Roger Pau Monne
2012-Jan-14 13:41 UTC
[PATCH v2] libxl: Atomicaly check backend state and set it to 5 at device_remove
# HG changeset patch
# User Roger Pau Monne <roger.pau@entel.upc.edu>
# Date 1326548456 -3600
# Node ID 1b95948228b84c986764488cbb7683d0d109be90
# Parent 5b2676ac13218951698c49fa0350f2ac48220f3d
libxl: Atomicaly check backend state and set it to 5 at device_remove
libxl__device_remove was setting backend state to 5, which could
create a race condition, since the previous check for state != 4 and
setting state to 5 was not done inside the same transaction, so the
kernel could change the state to 6 in the space between the check for
state != 4 and setting it to 5.
The state != 4 check and setting it to 5 should happen in the same
transaction, to assure that nobody is modifying it behind our back.
Changes since v1:
* Do the check and set in the same transaction, instead of removing
the set state to 5.
Signed-off-by: Roger Pau Monne <roger.pau@entel.upc.edu>
diff -r 5b2676ac1321 -r 1b95948228b8 tools/libxl/libxl_device.c
--- a/tools/libxl/libxl_device.c Mon Jan 09 16:01:44 2012 +0100
+++ b/tools/libxl/libxl_device.c Sat Jan 14 14:40:56 2012 +0100
@@ -442,19 +442,23 @@ int libxl__device_remove(libxl__gc *gc,
xs_transaction_t t;
char *be_path = libxl__device_backend_path(gc, dev);
char *state_path = libxl__sprintf(gc, "%s/state", be_path);
- char *state = libxl__xs_read(gc, XBT_NULL, state_path);
+ char *state;
int rc = 0;
- if (!state)
+retry_transaction:
+ t = xs_transaction_start(ctx->xsh);
+ state = libxl__xs_read(gc, t, state_path);
+ if (!state) {
+ xs_transaction_end(ctx->xsh, t, 0);
goto out;
+ }
if (atoi(state) != 4) {
+ xs_transaction_end(ctx->xsh, t, 0);
libxl__device_destroy_tapdisk(gc, be_path);
xs_rm(ctx->xsh, XBT_NULL, be_path);
goto out;
}
-retry_transaction:
- t = xs_transaction_start(ctx->xsh);
xs_write(ctx->xsh, t, libxl__sprintf(gc, "%s/online",
be_path), "0", strlen("0"));
xs_write(ctx->xsh, t, state_path, "5", strlen("5"));
if (!xs_transaction_end(ctx->xsh, t, 0)) {
Ian Jackson
2012-Feb-20 16:20 UTC
Re: [PATCH v2] libxl: Atomicaly check backend state and set it to 5 at device_remove
Roger Pau Monne writes ("[Xen-devel] [PATCH v2] libxl: Atomicaly check
backend state and set it to 5 at device_remove"):> libxl: Atomicaly check backend state and set it to 5 at device_remove
>
> libxl__device_remove was setting backend state to 5, which could
> create a race condition, since the previous check for state != 4 and
> setting state to 5 was not done inside the same transaction, so the
> kernel could change the state to 6 in the space between the check for
> state != 4 and setting it to 5.
>
> The state != 4 check and setting it to 5 should happen in the same
> transaction, to assure that nobody is modifying it behind our back.

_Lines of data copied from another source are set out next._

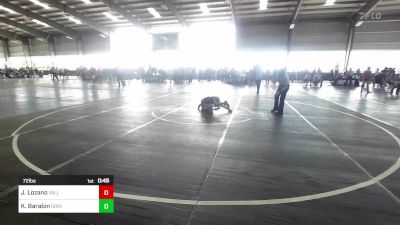 72 lbs 2nd Place - Jocelynn Lozano, Valley Bad Boys vs Kalani Barabin, Grindhouse WC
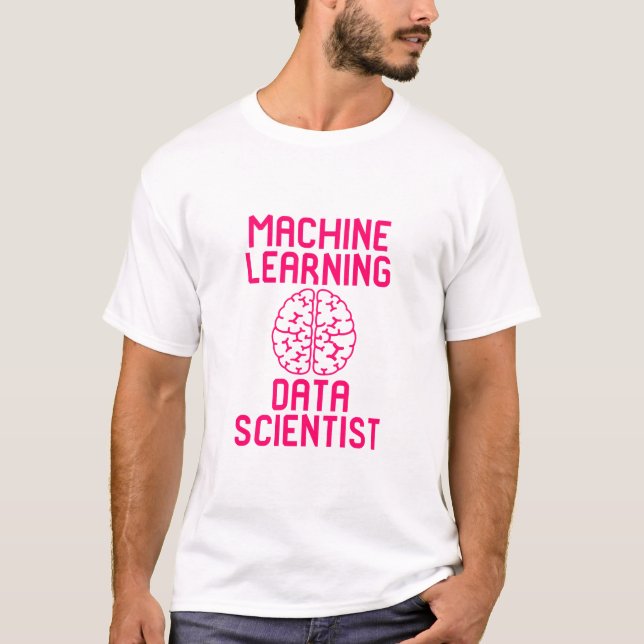 Maskin som lärer dataforskarecitationstecken t shirt (Framsida)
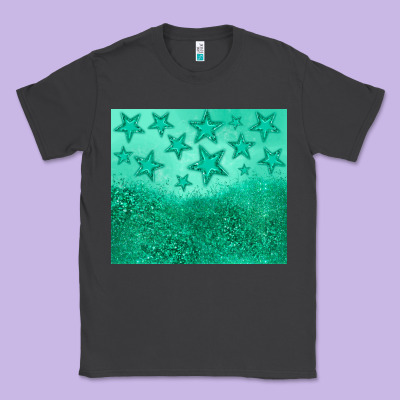Green Glitter Star Classic Tee Designed By Jahusdesignshop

This looks like a correct fix to me. However, the code in libxl has
changed now: libxl__device_remove is now
libxl__initiate_device_remove.
Also can you please arrange to use "goto out" style error handling ?
Eg something like:
+ xs_transaction_t t = 0;
...
out:
+ if (t) xs_transaction_end(ctx->xsh, t, 0);
device_remove_cleanup(gc, aorm);
TBH the meat of this function is in general rather unreconstructed.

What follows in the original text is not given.